§ **What is needed**:
Locate the line containing "Kia Rio 2017, 222,089 km - 1.6 l - Bakı", then please write out that line and all the lines below it in the entries exactly.

——

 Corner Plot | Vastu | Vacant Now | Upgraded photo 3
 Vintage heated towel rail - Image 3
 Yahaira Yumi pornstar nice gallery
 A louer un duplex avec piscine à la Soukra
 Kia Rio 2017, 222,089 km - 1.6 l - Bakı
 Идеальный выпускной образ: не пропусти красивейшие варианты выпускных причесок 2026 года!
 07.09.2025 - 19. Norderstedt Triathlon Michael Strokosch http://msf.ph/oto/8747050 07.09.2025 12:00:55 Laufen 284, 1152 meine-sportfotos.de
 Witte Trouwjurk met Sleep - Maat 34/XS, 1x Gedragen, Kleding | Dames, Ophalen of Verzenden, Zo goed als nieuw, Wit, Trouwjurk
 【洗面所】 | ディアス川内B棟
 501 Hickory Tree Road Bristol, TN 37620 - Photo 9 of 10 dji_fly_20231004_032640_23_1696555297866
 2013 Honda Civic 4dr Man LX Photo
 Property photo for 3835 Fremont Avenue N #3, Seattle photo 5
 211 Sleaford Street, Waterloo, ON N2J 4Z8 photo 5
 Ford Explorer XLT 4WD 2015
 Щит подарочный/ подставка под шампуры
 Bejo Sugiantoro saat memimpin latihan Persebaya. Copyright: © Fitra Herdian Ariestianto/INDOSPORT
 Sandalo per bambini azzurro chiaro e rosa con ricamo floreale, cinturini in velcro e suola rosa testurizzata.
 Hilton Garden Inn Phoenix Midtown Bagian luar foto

——

§ **Completed task**:
 Kia Rio 2017, 222,089 km - 1.6 l - Bakı
 Идеальный выпускной образ: не пропусти красивейшие варианты выпускных причесок 2026 года!
 07.09.2025 - 19. Norderstedt Triathlon Michael Strokosch http://msf.ph/oto/8747050 07.09.2025 12:00:55 Laufen 284, 1152 meine-sportfotos.de
 Witte Trouwjurk met Sleep - Maat 34/XS, 1x Gedragen, Kleding | Dames, Ophalen of Verzenden, Zo goed als nieuw, Wit, Trouwjurk
 【洗面所】 | ディアス川内B棟
 501 Hickory Tree Road Bristol, TN 37620 - Photo 9 of 10 dji_fly_20231004_032640_23_1696555297866
 2013 Honda Civic 4dr Man LX Photo
 Property photo for 3835 Fremont Avenue N #3, Seattle photo 5
 211 Sleaford Street, Waterloo, ON N2J 4Z8 photo 5
 Ford Explorer XLT 4WD 2015
 Щит подарочный/ подставка под шампуры
 Bejo Sugiantoro saat memimpin latihan Persebaya. Copyright: © Fitra Herdian Ariestianto/INDOSPORT
 Sandalo per bambini azzurro chiaro e rosa con ricamo floreale, cinturini in velcro e suola rosa testurizzata.
 Hilton Garden Inn Phoenix Midtown Bagian luar foto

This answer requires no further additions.